Segment Start: Exercise inputs

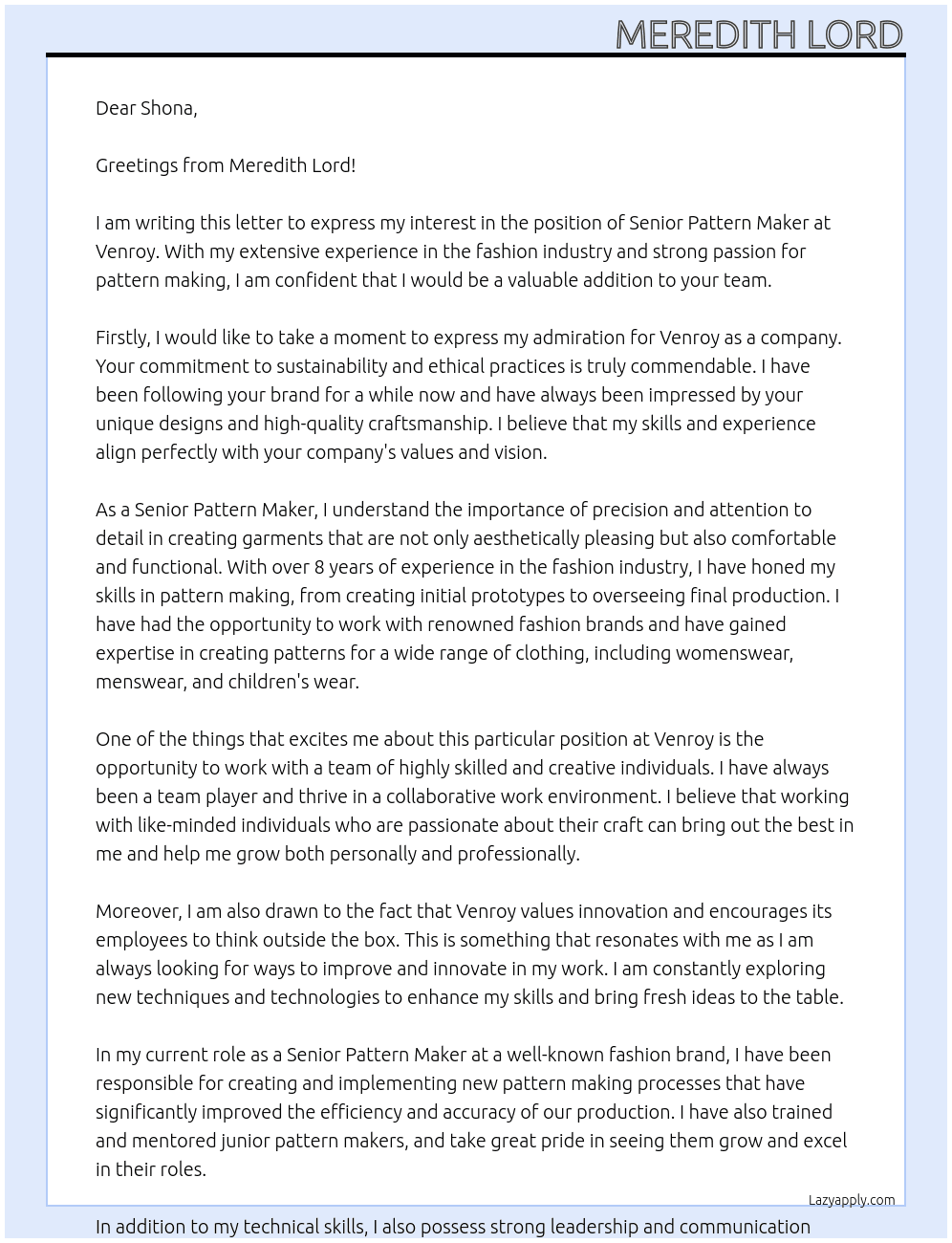Senior Pattern Maker At Venroy Cover Letter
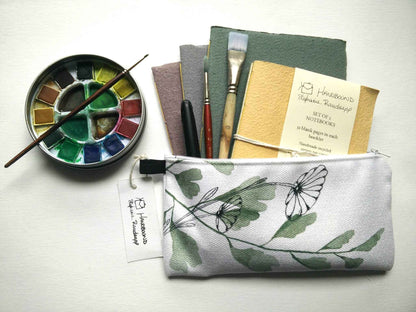 Zippered Cotton Canvas Pencil Case | Spring Blossom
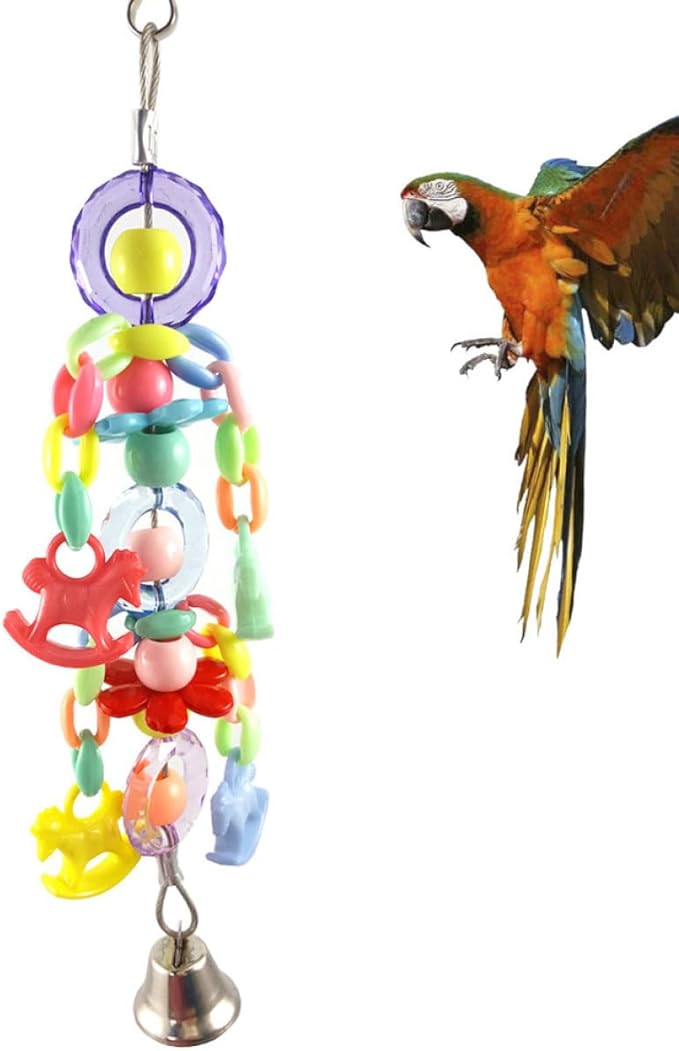 Happyyami Parrot Bite with Acrylic Beads and Bell, Colorful Hanging Bird for Cage, Chew and Beak Exercise Accessory for Parrots and Small Birds Random Color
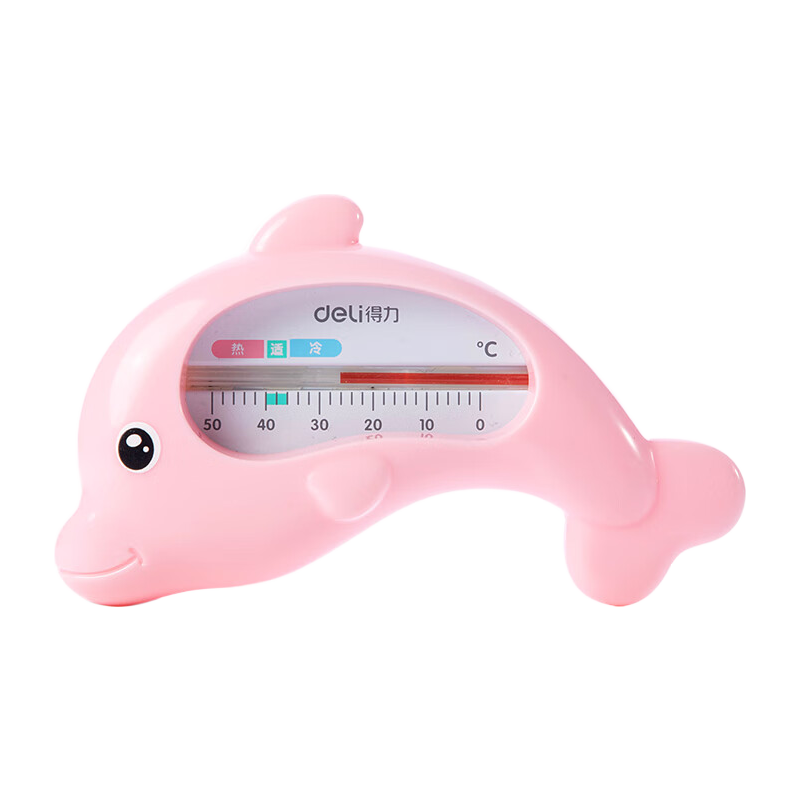Deli Children's Water Thermometer, Baby Bath Temperature Gauge, Precise Temperature Measurement with Cute Dolphin Design, Pink 8890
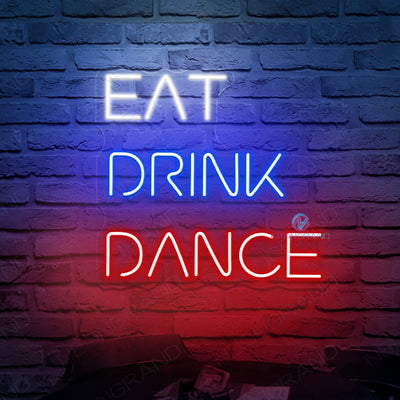 Led Word Lights Eat Drink Dance Neon Sign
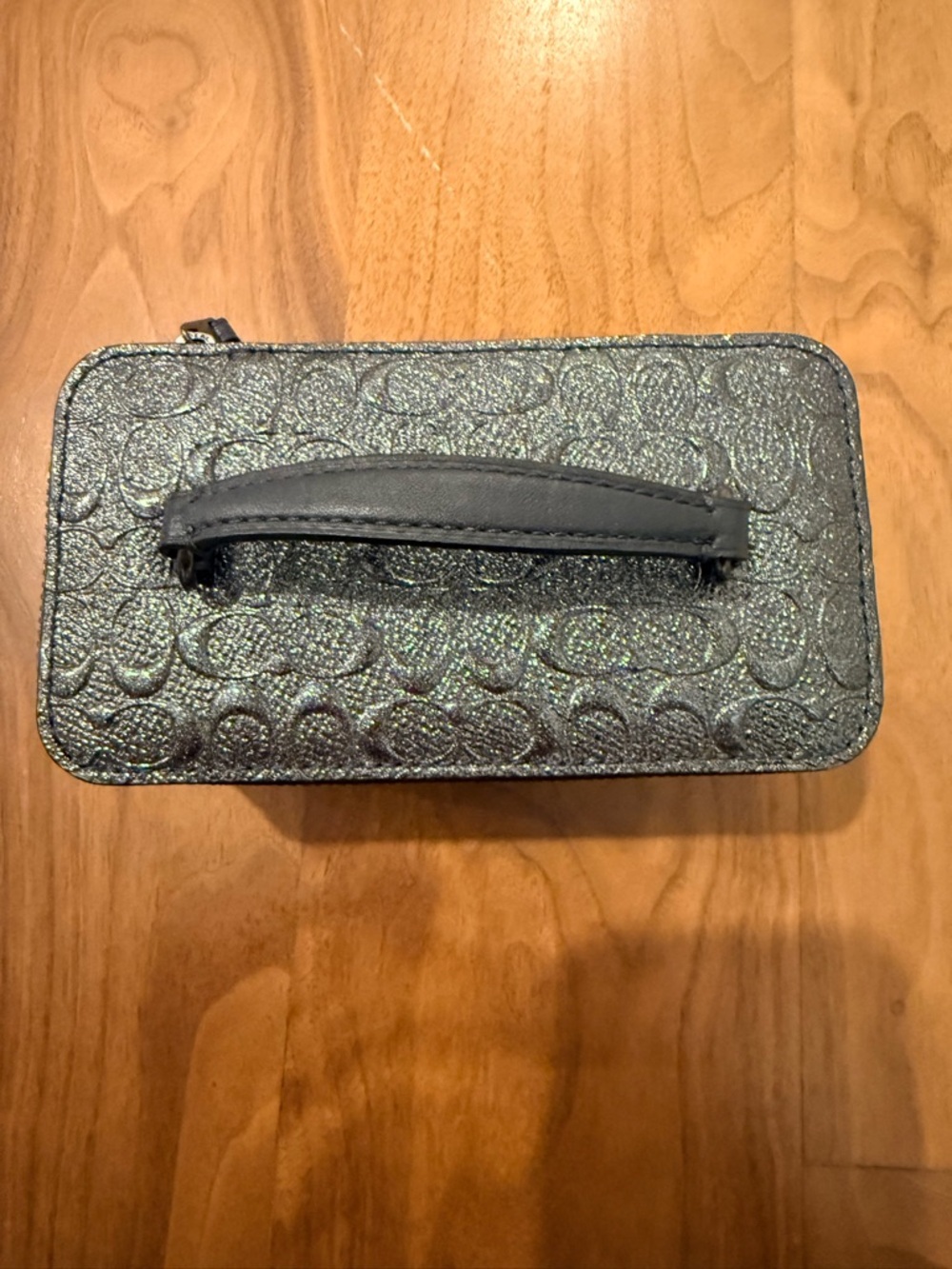 Coach Metallic dark gray Signature Cosmetic Case - Picture 2 of 7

Segment End: Exercise inputs

Repeat the lines above, starting at the first and stopping after the line that holds "Deli Children's Water", with the pictures left out.

Senior Pattern Maker At Venroy Cover Letter
 Zippered Cotton Canvas Pencil Case | Spring Blossom
 Happyyami Parrot Bite with Acrylic Beads and Bell, Colorful Hanging Bird for Cage, Chew and Beak Exercise Accessory for Parrots and Small Birds Random Color
Deli Children's Water Thermometer, Baby Bath Temperature Gauge, Precise Temperature Measurement with Cute Dolphin Design, Pink 8890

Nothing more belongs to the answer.